SUPPLIED INFORMATION:
+++++
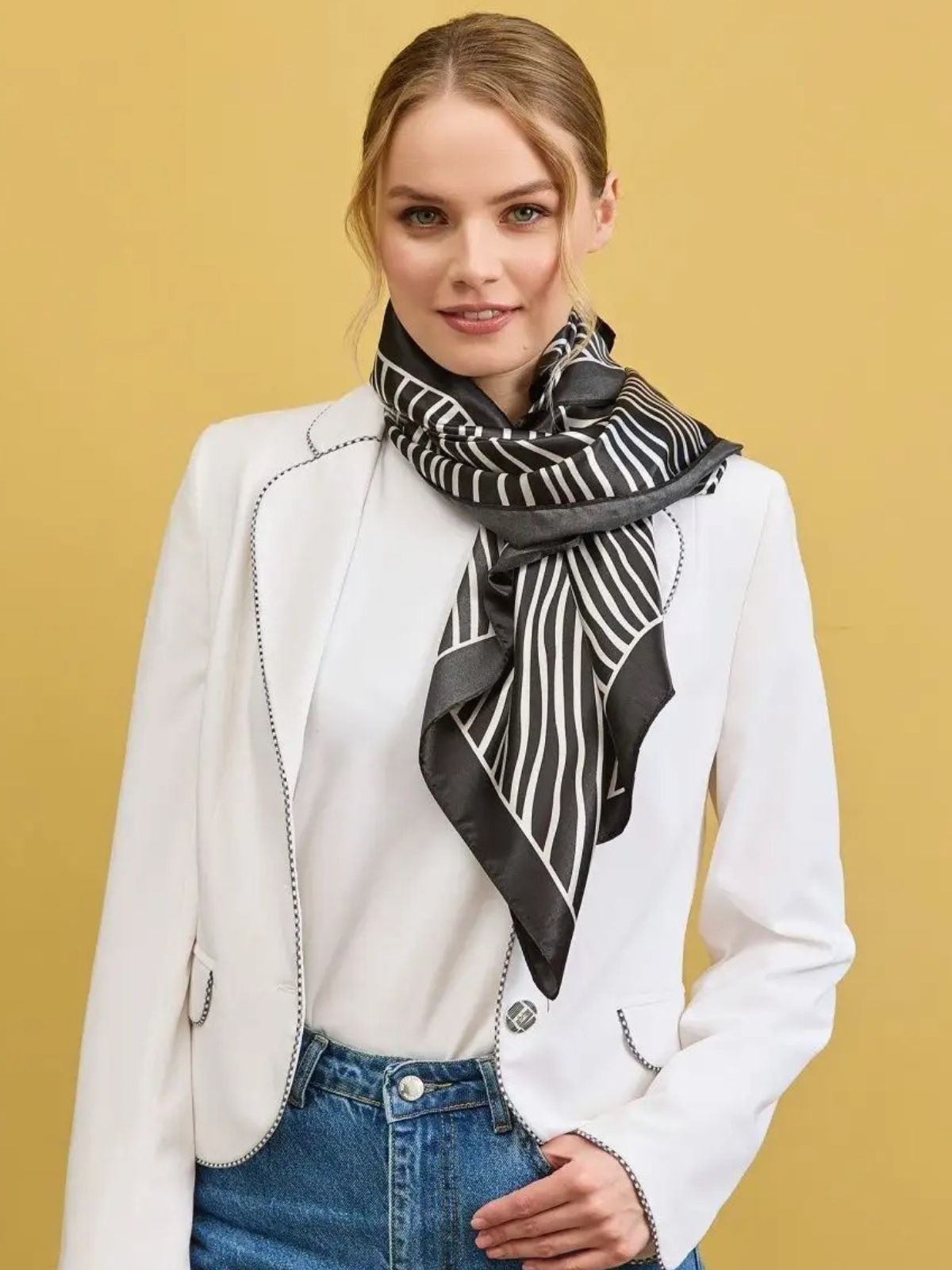 Foulard carré femme effet satiné noir blanc, foulard imprimé graphique chic, accessoire cheveux ou cou, foulard 90x90 cm en soie synthétique, foulard carré polyvalent, modèle Davinah - Écharpe - Noir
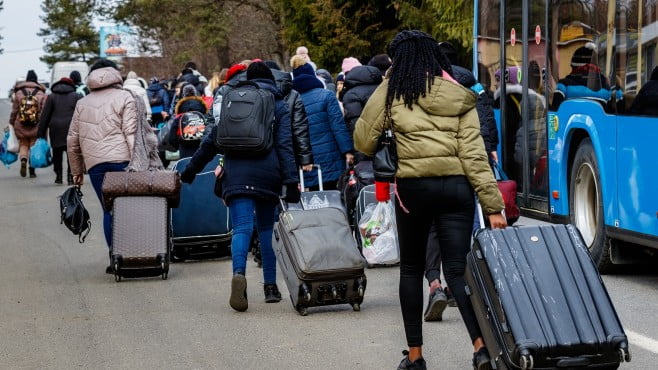 През изминалото денонощие 38 000 украинци са се върнали в страната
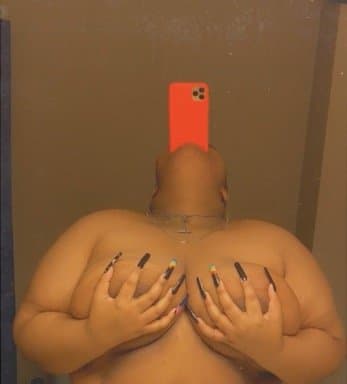 snapchat leak - fat black bbw / ssbbw slut loves showing off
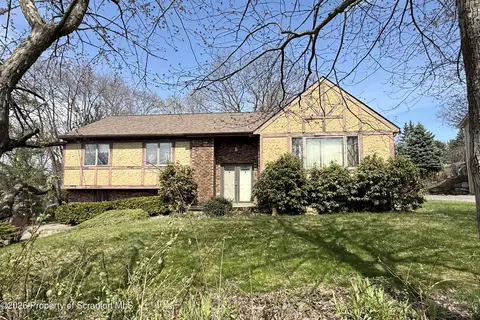 215 Mckinley Dr, Jessup, PA 18434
+++++
The whole listing is to be retyped exactly, with its pictures removed.

WRITTEN ANSWER:
 Foulard carré femme effet satiné noir blanc, foulard imprimé graphique chic, accessoire cheveux ou cou, foulard 90x90 cm en soie synthétique, foulard carré polyvalent, modèle Davinah - Écharpe - Noir
 През изминалото денонощие 38 000 украинци са се върнали в страната
 snapchat leak - fat black bbw / ssbbw slut loves showing off
 215 Mckinley Dr, Jessup, PA 18434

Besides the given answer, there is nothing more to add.